We hadn’t planned this post for Back Matter this week, but we’re pausing to honor the life and work of Edmund White, who died on Tuesday at the age of eighty-five. One of the most influential gay writers of the twentieth century, White helped define and elevate queer literature in America with his candid, witty, explicit, and deeply intelligent explorations of sex, identity, and desire.
Yesterday, we published a moving remembrance of White by novelist and memoirist Yiyun Li. Her tribute captures the joy, irreverence, and deep companionship that defined their years-long friendship.
Between 1993 and 2012, Edmund White contributed to The Yale Review five times—writing essays on Jean Genet, Jean Cocteau, and Oscar Wilde; a review of composer Ned Rorem (with a zinger of an opening line); and a short story. Naturally, we recommend revisiting those. But White’s oeuvre is vast, and we wanted to offer a few entry points into his work—for readers discovering him for the first time, or returning in appreciation.
Here are six places to begin:
1. Forgetting Elena (1973)
White’s first novel is a satire of gay life on Fire Island, written in the style of Japanese court ladies Sei Shōnagon and Murasaki Shikibu. As White said in an interview with Damon Galgut for Lit Hub, the novel’s protagonist is “an amnesiac hoping to convince others he remembers everyone and everything, but fakes it by playing off the social cues they send.” And it is one of TYR Editor-in-Chief Meghan O’Rourke’s favorite books.
2. Nocturnes for the King of Naples (1978)
This short, lyrical novel is perhaps White’s most enigmatic and poetic—more explicitly spiritual, even theological, than his later work.
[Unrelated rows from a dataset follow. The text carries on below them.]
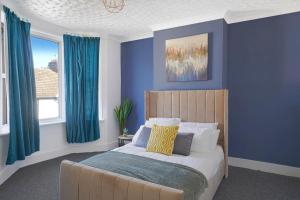 吉林漢姆的住宿－Reve Bleu，一间拥有蓝色墙壁的卧室和一张带蓝色窗帘的床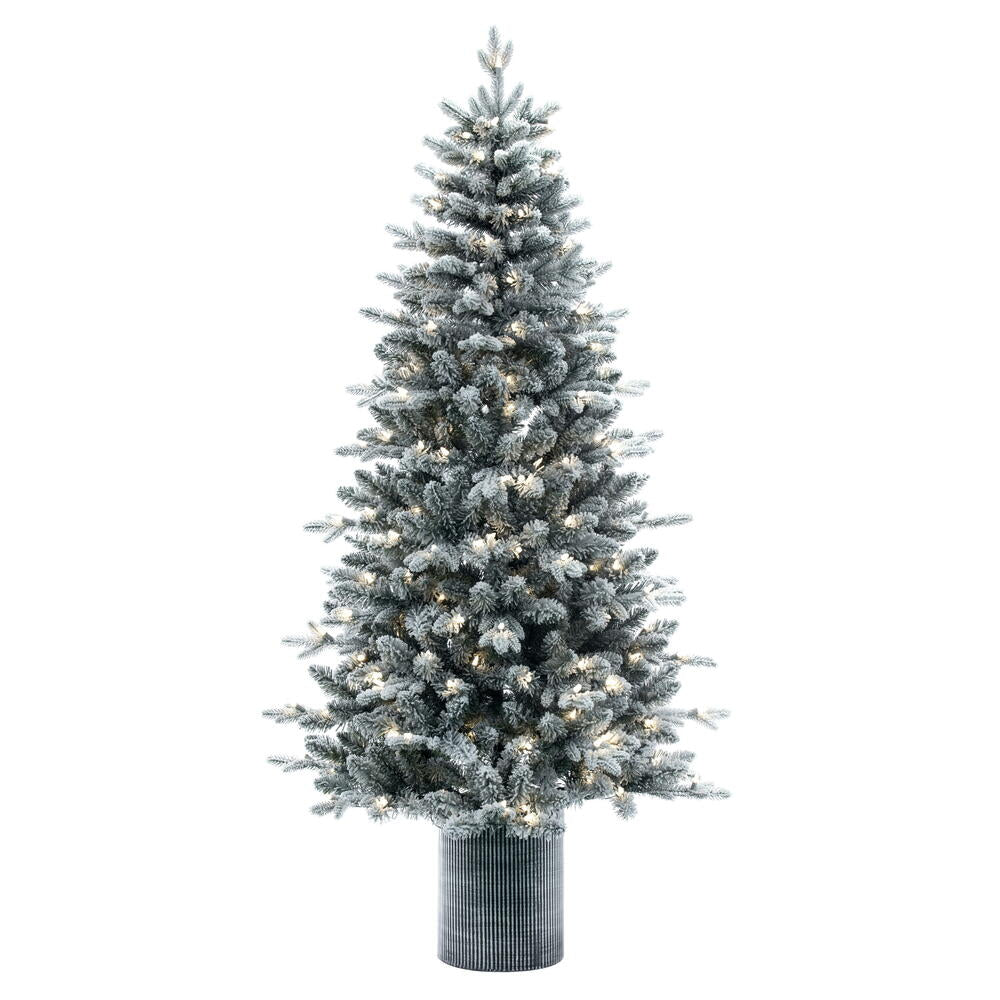 Vickerman 6' x 39" Frosted Potted Spruce Artificial Full Pre-lit Christmas Tree with 200 Dura-Lit® Warm White LED Mini Lights. It measures 78 inches tall and 39 inches wide, which is considered a slim profile. This tree boasts 811 tips for a realistic loo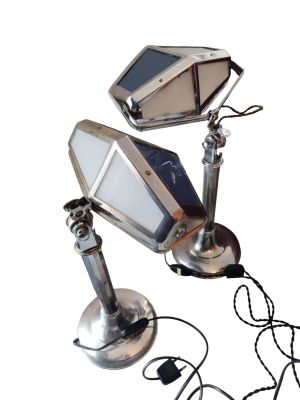 a picture of a desk lamp with a cell phone attached to it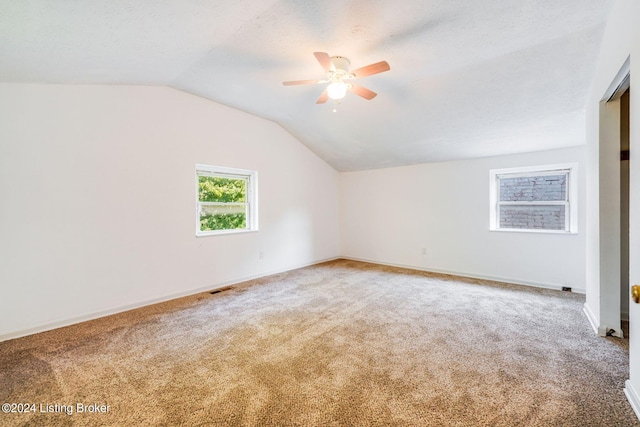 bonus room with carpet, vaulted ceiling, and ceiling fan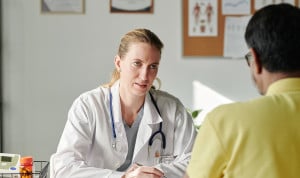  Una médica atiende a su paciente en consulta, con un traductor al lado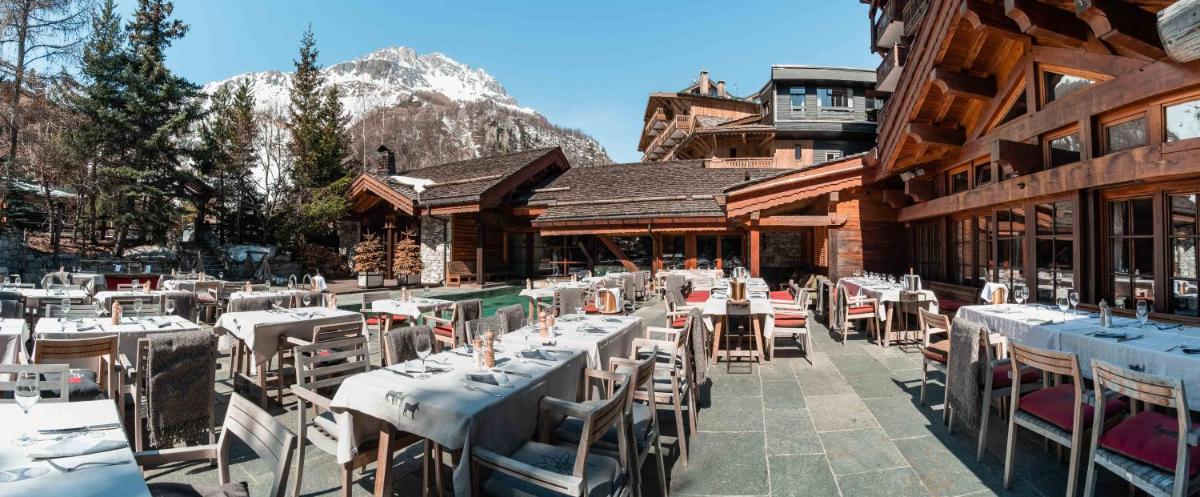 un restaurant avec des tables et des chaises devant un bâtiment dans l'établissement Hôtel LE BLIZZARD, à Val dʼIsère 20 autres photos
It was recently republished by McNally Editions with a foreword from TYR contributor Garth Greenwell.
3. A Boy’s Own Story (1982)
Probably White’s most widely read novel, and for good reason. This semi-autobiographical Bildungsroman helped usher queer fiction into the literary mainstream. It’s the first in a trilogy, followed by The Beautiful Room Is Empty (1988) and The Farewell Symphony (1997).
4. The Flâneur: A Stroll Through the Paradoxes of Paris (2001)
A sensuous, idiosyncratic guide to the city White called home for many years. TYR recommends packing it in case you find yourself, say, on a week-long fling with a fashion photographer in Paris—a scenario White would have approved of, and almost certainly described.
5. The Humble Lover (2023)
White’s last published novel is a meditation on unrequited passion—funny but achingly sincere. A wonderful choice for anyone who has ever experienced the sweaty heights of bliss and the clammy pits of abjection after falling hopelessly in love with a beautiful ballet dancer.
6. His interview in BUTT Magazine (August 16, 2006)
Conducted by Gert Jonkers, this conversation captures White at his most obscene, charming, and unbuttoned. A fitting farewell: unrepentant and utterly alive.
Thank you, Edmund White, for your candor and your art. May the angels treat you right. We’ll keep reading.
—Samuel Ernest, Assistant Editor
Have a favorite book by Edmund White? Tell us in the comments below. Or, if you’re just getting started, let us know what’s first on your list.
Many years ago, I followed Ed’s “Flaneur” advice in Paris “to the letter.” And I believe I had the greatest trip to Paris that anyone has ever undertaken. From there, I read his interview in BUTT, a zine sadly missed. Thus, I began with what people think are his minor or whimsical works, and then got to know him in our San Francisco coterie, loved him, and FINALLY read his major works. I’m glad I did it that way. What a lovely generous loving friend and inspiration.
Love Boy’s Own Story. Edmund is missed.